Talvez o movimento antivacinal, que vem prosperando a cada ano, tenha desestimulado os pais a levarem seus filhos para a recomendada imunização, apesar da previsão imposta no § 1º do artigo 14 do Estatuto da Criança e do Adolescente, no sentido de ser obrigatória a vacinação dos menores de idade quando recomendada apela autoridade sanitária. Em caso de descumprimento, será imposta multa de três a vinte salários de referência, aplicada em dobro em caso de reincidência, consoante o artigo 249 da legislação menorista. Assim, as autoridades da saúde, após elegerem as melhores políticas públicas para o país, elencando um rol de vacinas recomendadas para as diversas idades das crianças, provocaram uma vinculação de obrigatoriedade por parte dos responsáveis. Tanto é que, para o controle do Estado e dos pais, criou-se a caderneta de vacinação, exigida em muitas oportunidades.
A não imunização, pela desídia dos genitores, não prejudica somente os filhos do casal. Exerce uma expansão difusa, abrangendo e colocando em risco toda uma comunidade. O filho não é propriedade exclusiva dos pais, como acontecia no Direito Romano que conferia ao poder familiar o direito de vida e morte sobre eles (jus vitae et necis). A autonomia de vontade dos pais sofre restrição porque o bem que está em jogo tem dupla proteção: uma, a individual, direcionada à saúde do próprio filho, conferindo a ele os cuidados necessários; a outra, de caráter difuso, é a voltada para a própria coletividade, que é o bem maior e o objetivo da realização da saúde pública. Pairando colidência entre o Estado e o indivíduo, deve prevalecer os interesses do ente que exerce maior cobertura protetiva. A vontade dos responsáveis não atinge a prole quando se tratar de tema em que há a obrigação legal cogente.

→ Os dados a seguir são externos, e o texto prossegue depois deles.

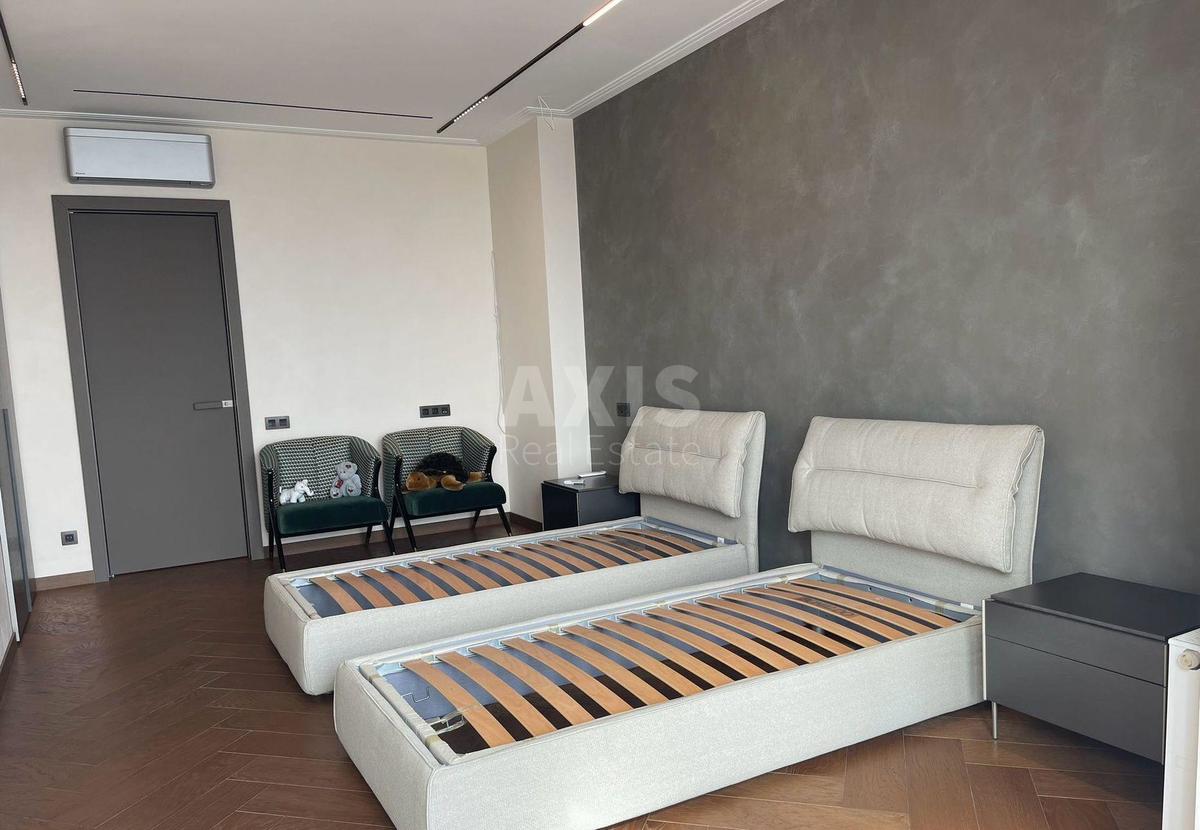 4k apartment vul. Instytuts'ka 186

Assim, por ser um dever inerente ao poder familiar, de nenhuma valia a escusa dos pais. Pode até ser que a recusa dos genitores tenha alguma fundamentação contrária à imunização, porém a decisão do casal não é suficiente para afrontar o comprometimento familiar erigido no texto legal. Em razão desta determinação legal, os pais devem tomar todas as providências e praticar as ações necessárias para conferir a efetivação dos direitos referentes à saúde da prole.